# Fuji ALoha buy vs Leader 7xx series build.



## cslone (Jan 1, 2006)

I searched and couldn't find any info on Leader bikes. 

 


J/K, now that I have your attention, I need some opinions. Our team is sponsored by Fuji, therefore, we get good pricing on the Team, Aloha, etc. Now, I am in the planning stages of a TT bike for this year, to be finished by April or so. This bike will be used for ~10 short distance triathlons too.

Now, I have a few parts lying around here.....wheels, bullhorns, aerobars, cassettes and a chain. We just got our pricing for the Fuji, which is exactly what I thought it was going to be. The order would include the entire bike with Xero wheels, syntace aerobars and a mix of DA and Ultegra. My road bike is all Campy. I would "like" for everything to be interchangeable in case of a RD failure the night before a race, or some other screwball thing that can come up.
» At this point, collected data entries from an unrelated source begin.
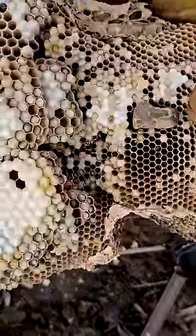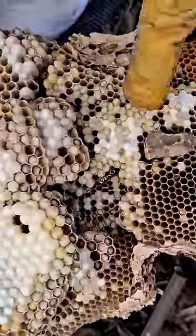At the bottom you'll see a lot of this paper — this is called the envelope. They encase the comb in envelope. That's the nest built around a rock.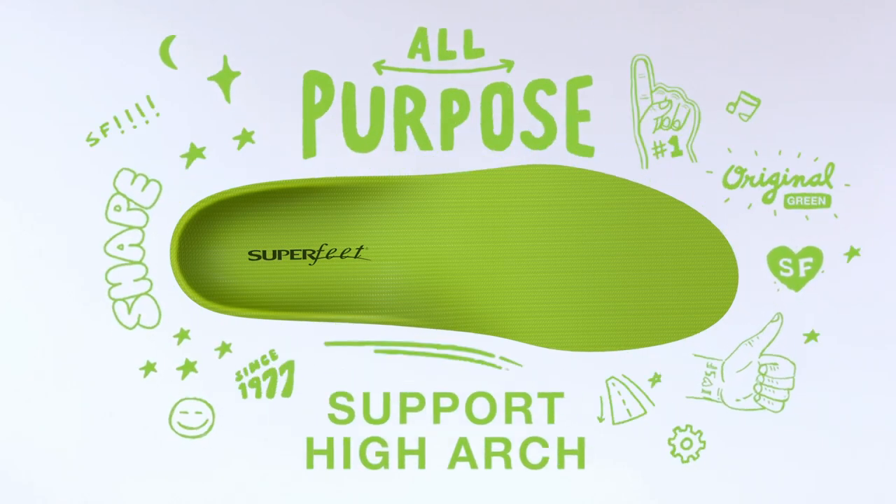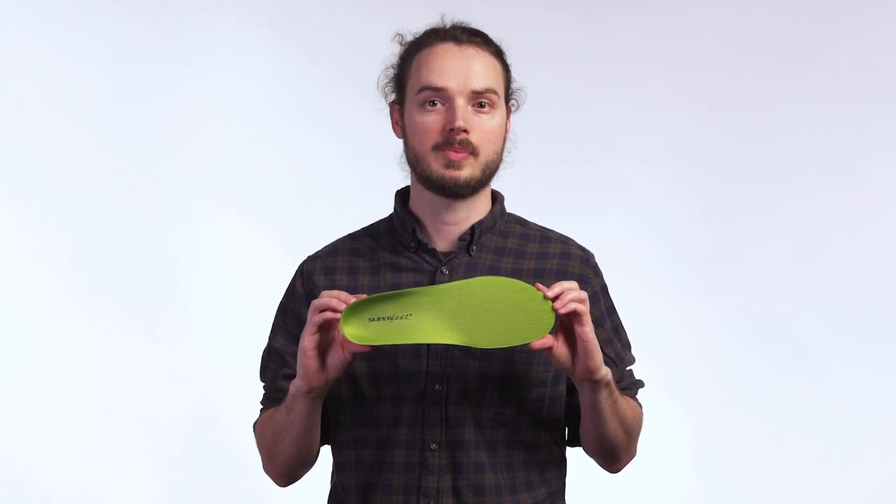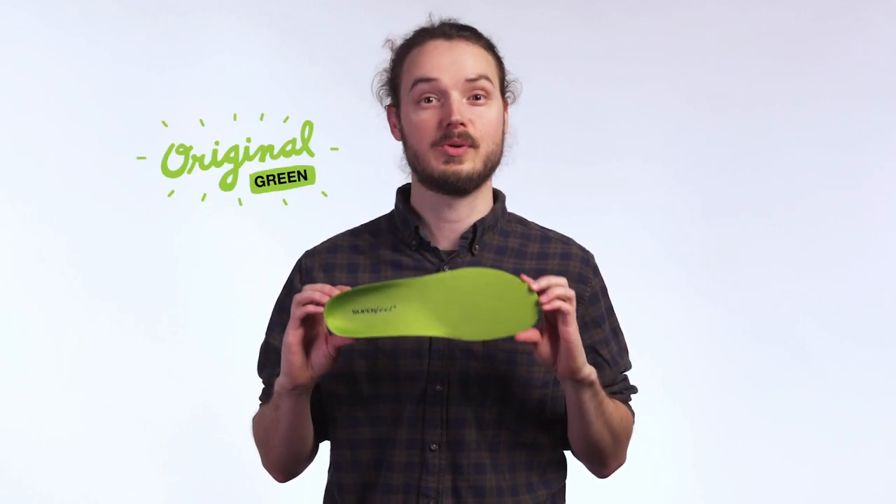Looking for an insole with legendary support, a firm foundation, and a high arch shape? Try Superfeet all-purpose support high arch insoles, also known as the green ones.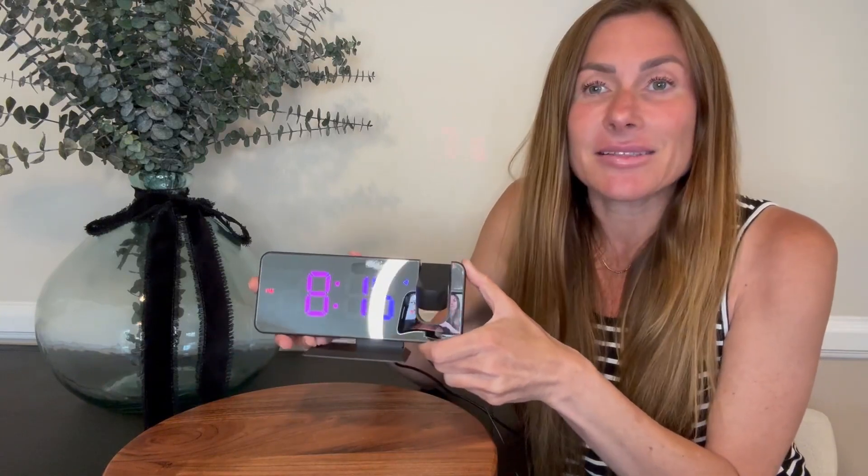You have six brightness settings on the clock so you can make it really bright or dim or even turn it all the way off if you would like. This is great so that when you're sleeping you can make the brightness rather dim, allowing it to not interrupt your sleep.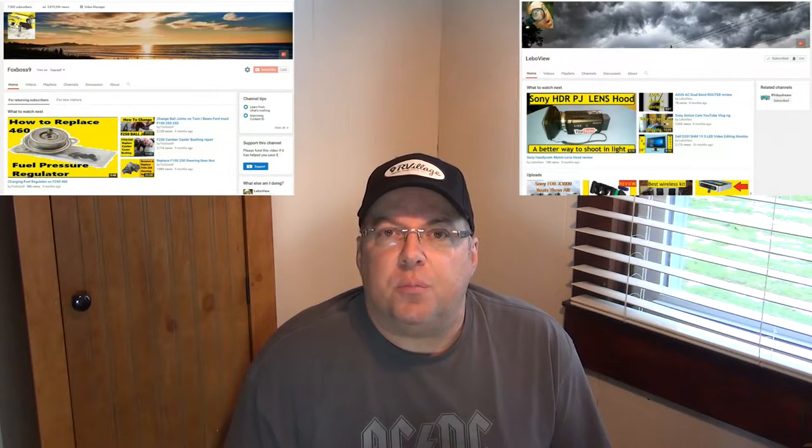Hey YouTube, thanks for checking out RV Daydream. As you guys may or may not know, I have two other channels — Fox Boss 9 and LeboView — where I have reviews of products and repairs. Most of my RV repairs are now done on this channel, however there were quite a few repairs and items that I reviewed for RVs on those other channels previously, so what I'm going to do now is share with you one of those videos.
My delimma comes in a few cases: 

1. I really would rather ride a sponsorship bike. 
2. I am leary about buying a frame off ebay I can't see.

So here are my options.

1. Buy a Leader 730R or 736R aero frame, use the existing parts I have and buy the rest off of ebay. That way I can make it a full Campy, and have no issues with interchangeability. My brother in law owns a paint shop and says he'll custom paint it for cost of paint if I want. I could be like the pros and rebadge my ride. 

cons: I've never seen this frame in person.

2. Buy the Aloha and sell everything Shimano off of it and buy Campy.

cons: That would be a pain to list it on ebay. What if it doesn't sell?

3. Buy the Aloha and ride it, not having any interchangeability.

cons: Costs a few hundred more than option 1. We didn't get half of our bikes last year until June or July. With the few hundred I save, I could buy a disc wheel.

So, as little of a problem as this seems to most, I am having a hard time deciding. I guess my delimma comes down to name brand vs. not. Does it really matter the manufacturer of a basic aluminum frame? I mean, seriously, how much different is the Aloha frame from the Leader frame? 

Any insight or opinions from the rest of you guys would be greatly appreciated.

Edit----

If you guys might recommend other decently priced frames within these parameters, I would appreciate it too.


----------



## mprevost (Jul 30, 2005)

*I wouldn't worry about interchangability..*

Ultegra and Dura Ace are very reliable. Keep your bike clean and give it a good once over before each race and you will not likely have any problems. It is not worth the headache in my opinion. I would just go with the Fuji.

Mike


----------



## cslone (Jan 1, 2006)

Well, I went the complete other way. I stopped in to talk to my friends at Flyte, formerly Airborne, which is right down the road from me. He had one Airborne Blackbird left and amazingly it was in my size. Since they really have no use for it anymmore, I got it for cheaper than any Leader or bp stealth frame I could get off ebay.


----------